Tuesday 15 March 2011

A Whole Lot of Process, Not a Lot of Punch

The philosophy of lean, according to our first speaker today, is to concentrate on flow, to deliver value through process and to use your vision to inform the whole.


Our first speaker believed that traditional projects delivery starts with requirements generating a team selection to which people are added and the project is completed. At the end of the project, the team is disbanded and the team members are spread out again into new teams.
Doing this releases the capability the team built up during the time it  was working together and every project starts from uncertainty and a lack of team spirit.





Disagree with that if you can. I certainly can’t. But then again, neither do I recognise it as a practice I have ever seen. Neither in Waterfall, neither in Agile, not in massive multinational democracies, nor owner-run despotisms.
It’s easy be angry at a world of your own construction.



I’ve seen this many times from evangalists, and it is entirely unnecessary. You can have a good idea, or something great to say without having to prefix your idea with Ragnarokian tales of immenet downfall in order to prove the necessity of it.


Nor do you need to be seduced by entirely spurious FACTS such as the “20% of time is lost to multitasking”. See me? I’m the one holding up the “Citation needed” sign.



The need for religious thinking is strong in man. Now that Dawkins has killed God (or was it Oolon Coluphid?), is there nowhere we won’t look for belief systems?

 I do think Kanban is good.

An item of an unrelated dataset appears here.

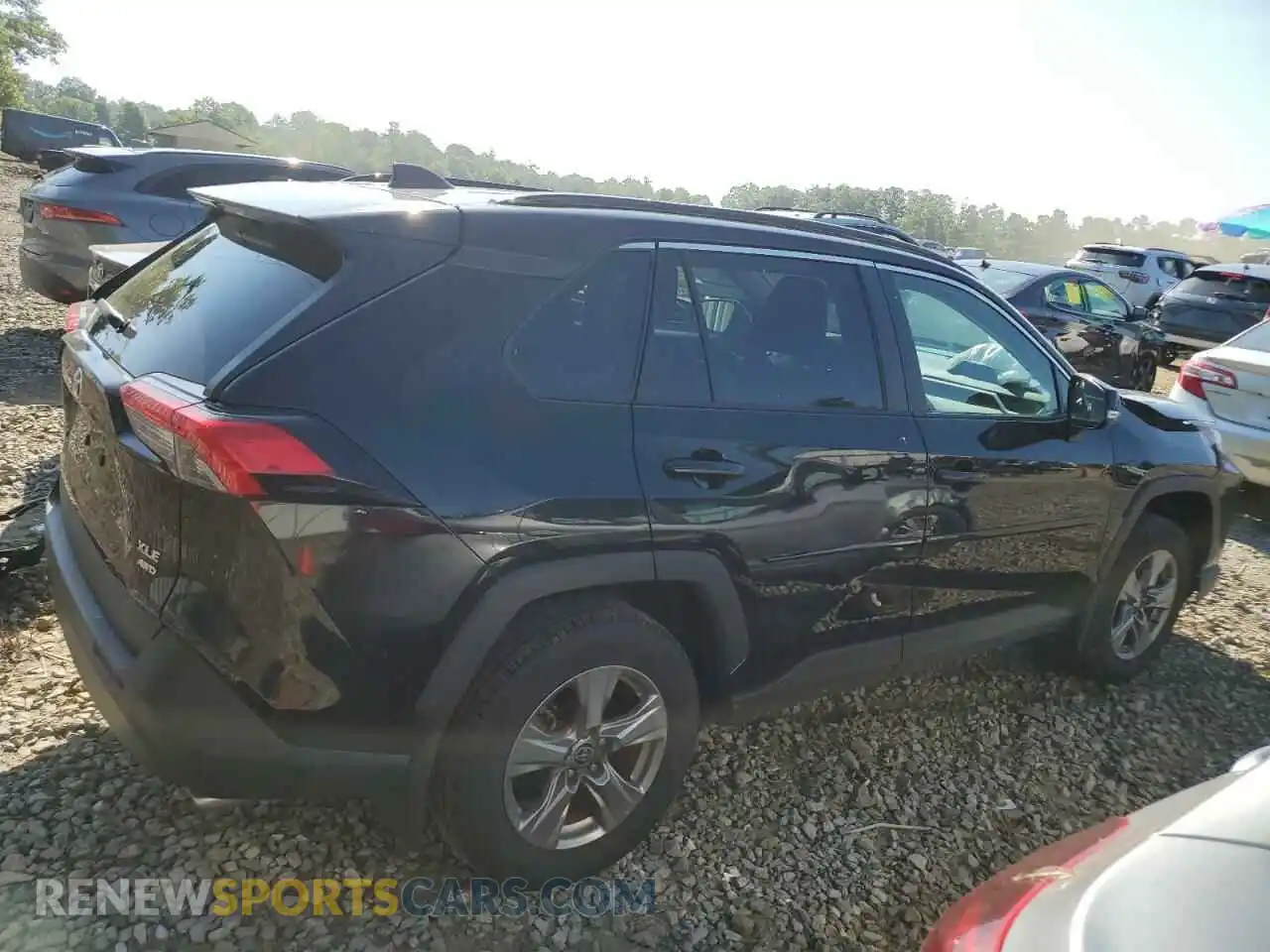 3 Photograph of a damaged car 2T3P1RFV9RC412639 TOYOTA RAV4 2024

I would like to be in a team one day which does it and does it well.

  Is it great, though? Well. It seems like a hell of a lot of process and a hell of a lot of slack. Sure, some slack is good. It allows for tasks either side of it to swell a little and it allows for the clean up of tech debt and the improvement of process.
But I don’t think I would want to build a system which assumes that your planning is so bad that you always underestimate tasks. That would worry me. 

Tech debt (in an ongoing project like ours) should only really go down from the point when the team starts measuring it. Presumably, you start recording tech debt it when you start improving your process to include the identification of it. Starting any process which implies a degree of self-refection and a more considered approach to coding must surely mark the point when you stop building systems that are crap, but functional.



The goal of the Kanban system is to get rid of the Kanban system.



I love this sort of statement and I refer the reader to toady’s xkcd (http://xkcd.com/870/).
It’s almost like Randal is here with us. I actually get that a lot with Dilbert and I have a message for Scott Walker - kindly stop snooping my life for material. Many thanks.


If the Kanbanites really wanted to get rid of it, I’m sure they wouldn’t make it so complicated. Maybe not complicated, maybe better is – process. Why make it so PROCESS?



Can any team adopt it? 

No. I don’t think so. 

Some reasons:


We heard the “7 team members, plus or minus two” rule from two different speakers. Personally,  I think a team of nine would be too big. Certainly anything more than nine would have to be considered impossible.

I don’t believe you can do Kanban with externals. One speaker was rightly proud of the fact that once he had Lean working, his churn went from 100% per year to 0% for two years. Sure, some externals stay a long time, but you can’t incentivise them the way you can incentivise internals, nor can you really help them to improve. I have never heard of a company sending externals to conferences or on training courses. And neither do I know anyone who would expect them to.

You can most definitely not to Lean without trust and empowerment from management. If you don’t believe you have this from management, don’t start until you do. Unfortunately, it is usually easier for Managers to change team members than for team members to change managers! How to develop and win trust from your management is a whole other topic, but it can be done.




I really enjoyed typing up the first post on Kanban. 


Feel the flow. Beeee the flow.
 I don’t know if I sound more like Mr Miygee or Yoda. Or Kermit’s cousin Kevin. 
As I said, I do want to try Kanban. And even if we don’t, we were shown some excellent visualization techniques. The “Backlog in circles” thing was excellent and I look forward to bringing it back to my team.



People are different. Cultures are different. It is not necessarially a good, an easy or a wise idea for people of one culture to adopt a process from another culture outside of any other cultural reference.
I have always been suspicious of westerners adopting eastern practices. Herbal medicine, philosophy, religion. In this case, quacking like a duck does not make you a duck. 



Kanbanners sometimes feel like liberal arts students trying pot for the first time. The traaaaces, man. The colours! Oh wow, you don’t know what you’re missing



Kanban, like pot, might well be  an awesome thing, but it’s hard to describe it from within the hazy cloud of bliss without sounding like a little bit of a hippy.

As Daniel says to Mr Miyaggi "but when do I learn to punch?".